SUPPLIED DATA:

*** Begin section ***

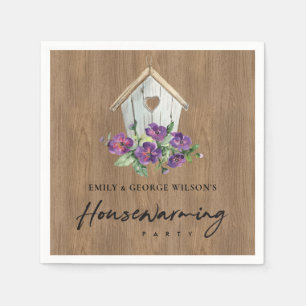 SERVIETTE EN PAPIER BOIS DE BOIS FLORAL BIRD HOUSE HOUSEWARMINING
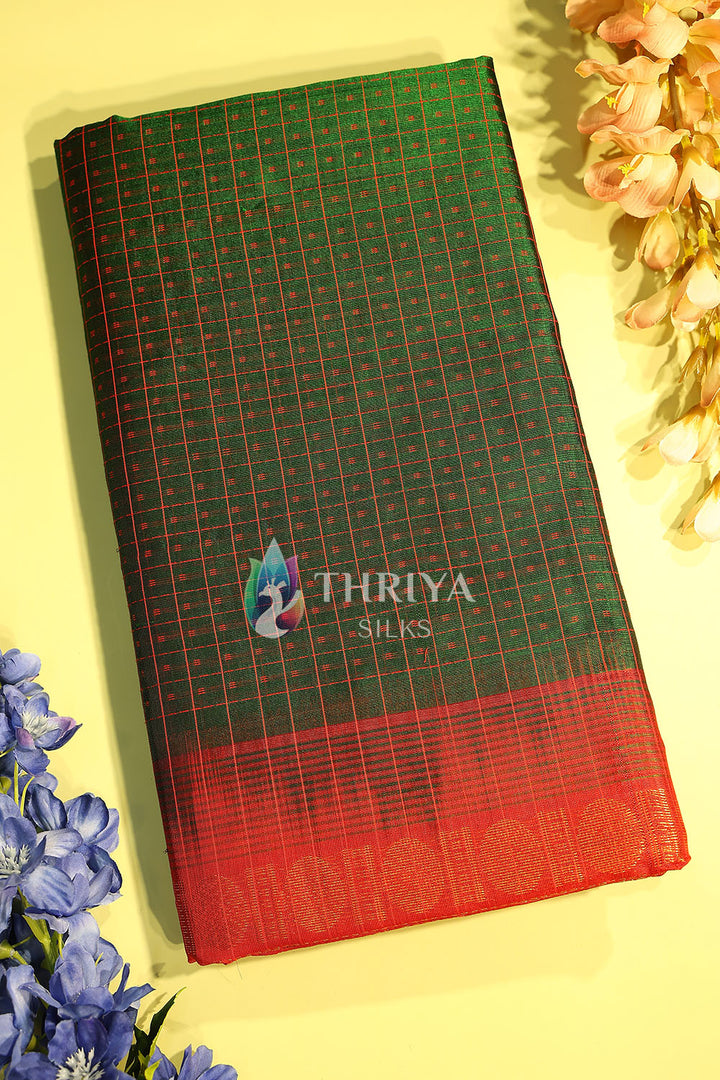 Silk Cotton Saree in Dark Green and Red - TSLD040504 - View 1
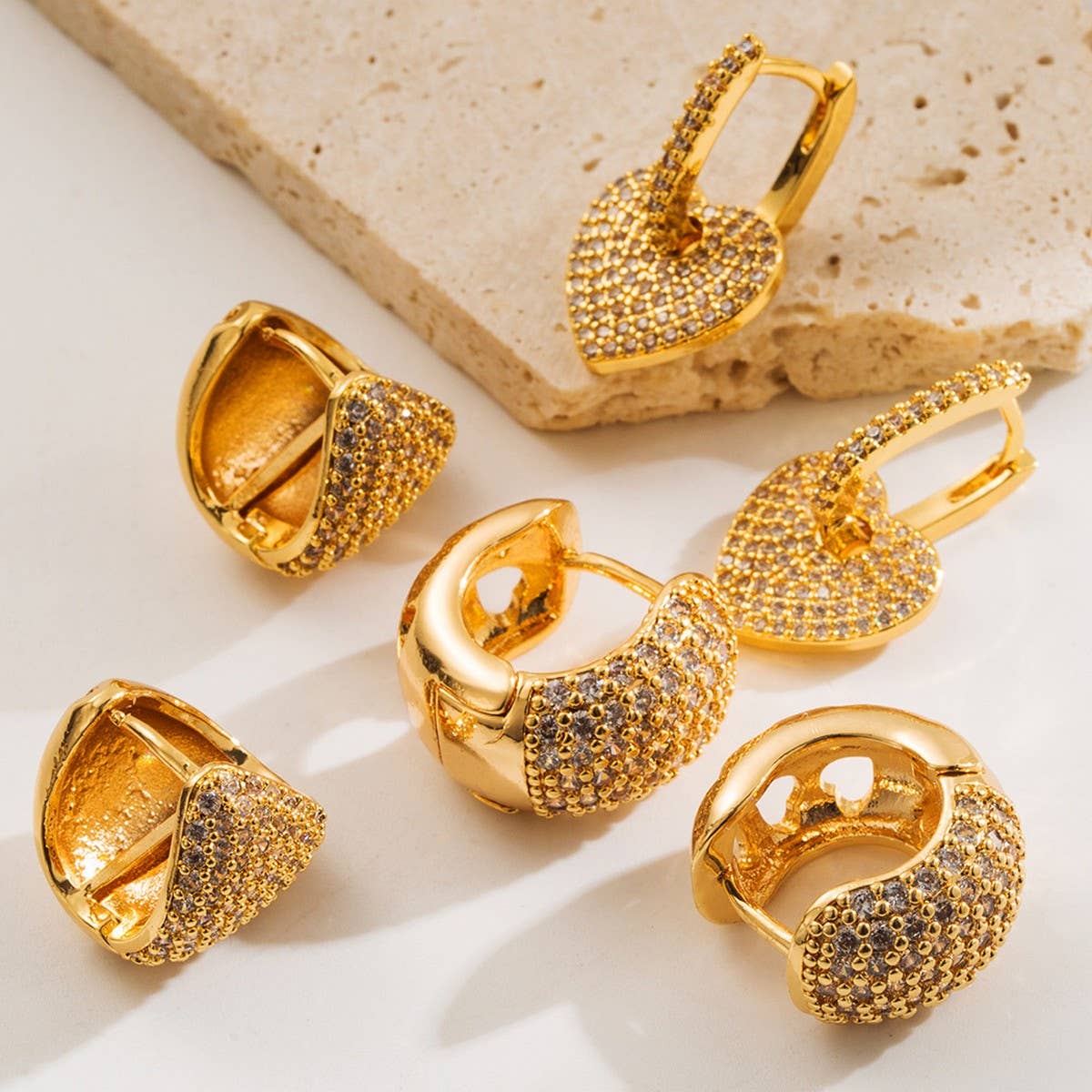 Heart Geometric CZ Copper-Plated Stud Earrings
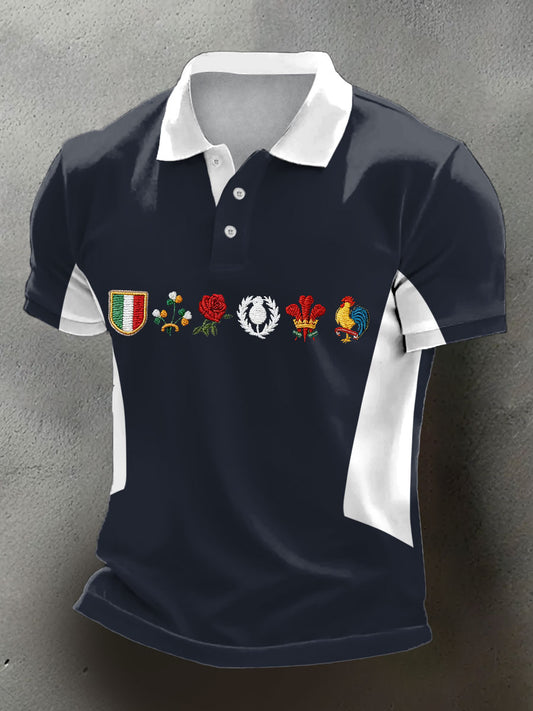 Hommes de Rugby Lover Game of Nations Imprimé Casual Tops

*** End section ***

ASSIGNMENT:
Return the listing verbatim, pictures omitted.

ANSWER FOR THE TASK:
 SERVIETTE EN PAPIER BOIS DE BOIS FLORAL BIRD HOUSE HOUSEWARMINING
 Silk Cotton Saree in Dark Green and Red - TSLD040504 - View 1
 Heart Geometric CZ Copper-Plated Stud Earrings
 Hommes de Rugby Lover Game of Nations Imprimé Casual Tops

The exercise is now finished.